Cada año la temporada parisina de los ballets rusos de Sergeuéi Diaghilev se convierte en un hito, y Nijinski, con tan sólo cuatro coreografías, inventa la danza moderna. El estreno de La consagración de la primavera, el 29 de mayo de 1913, es motivo de un enorme escándalo, de un enfrentamiento abierto entre la tradición y lo nuevo, entre la academia y las posiciones naturales defendidas por Nijinski. Un año antes L'après-midi d'un faune ya había servido para que una parte de la crítica se desencadenase contra "la bestialidad erótica y los gestos de pesado impudor" del creador. De todo eso, de las batallas artísticas del momento, nos quedan fotos, dibujos, artículos, pinturas y el testimonio oral de quienes asistieron a la eclosión de una forma de arte distinta. Pero no se conserva -¿no existe?- ninguna película de las proezas de Nijinski. ¿Por qué? De entrada, porque Diaghilev prohibía la entrada de las cámaras en los teatros donde actuaba su compañía; luego, porque la propia danza, acostumbrada a existir sólo en el instante y en la memoria, de ser gestos escritos en el aire, no había tomado conciencia de las posibilidades documentales del cine.
La exposición del Museo de Orsay, que permanecerá abierta hasta el 18 de febrero de 2001, intenta lo imposible, no sólo explicar quién fue Nijinski, sino también el porqué su aparición marca un antes y un después para la danza. La lista de artistas convocados para la ocasión es impresionante: Jean Cocteau, Barry Flanagan, Max Jacob, Gustav Klimt, Aristide Maillol, Auguste Rodin, Amedeo Modigliani, Roberto Montenegro, Antoine Bourdelle, Duncan Grant, Oskar Kokoschka, Jacques-Emile Blanche o Léon Bakst figuran entre los que fueron seducidos por los movimientos del bailarín. Cocteau lo dibuja como un centauro, Bakst lo prefiere bañista, Modigliani lo feminiza, Klimt lo ve como un soñador, Montenegro lo transforma en héroe modernista, Bourdelle lo reenvía a la antigüedad clásica. El bailarín despierta el deseo y la imaginación de los demás; es visto de mil maneras y el puzzle resultante está ahora en el museo parisino.
Poco antes de enloquecer, de anunciar que iba "a casarse con Dios", Nijinski había emprendido una tarea ambiciosa y que hubiera podido modificar el caleidoscopio de su personalidad contada por los demás: inventó un sistema de transcripción de sus coreografías que mejoraba el de Stepanov, un sistema que había aprendido en la escuela, en San Petersburgo.
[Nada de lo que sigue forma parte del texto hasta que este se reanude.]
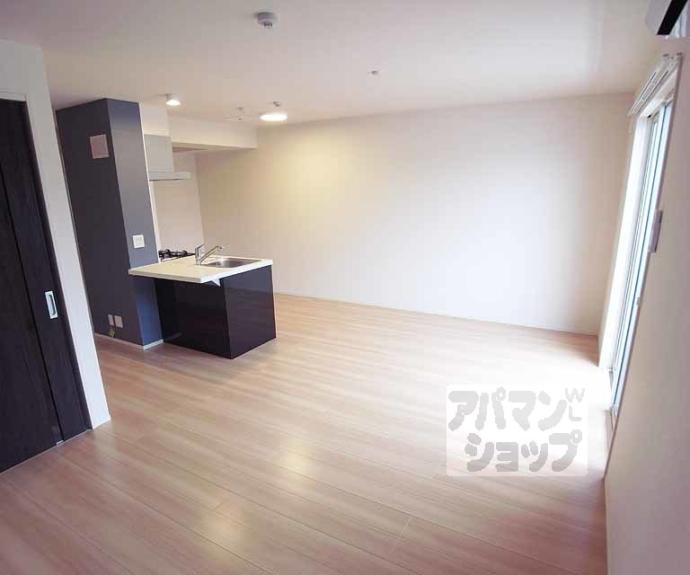 【カーサ　ルミノサ　ウーノ】間取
La locura -¿esquizofrenia?- le alcanzó antes de que pudiera hacerlo comprensible a los demás de modo que el principal intento de explicación y supervivencia de su trabajo es hoy sólo una pieza más del misterio.
La biografía de Nijinski suministra algunas pistas, pues sus tempestuosos amores homosexuales se entremezclan con el deseo de fundar una familia apacible, la sífilis con las lecturas de Nietzsche, el ciclón mundano se alterna con su detención como prisionero de guerra, la provocación con el misticismo. En una vitrina se ve un cuaderno en el que Nijinski copiaba de manera compulsiva, como el Jack Nicholson de Shining, una misma frase: "Soy un hombre que no es un hombre". Y en los oídos de todos resuena aún la última frase que pronunciara ante el público para anunciar que dejaba de bailar: "Le petit cheval est fatigué" (el caballito está cansado).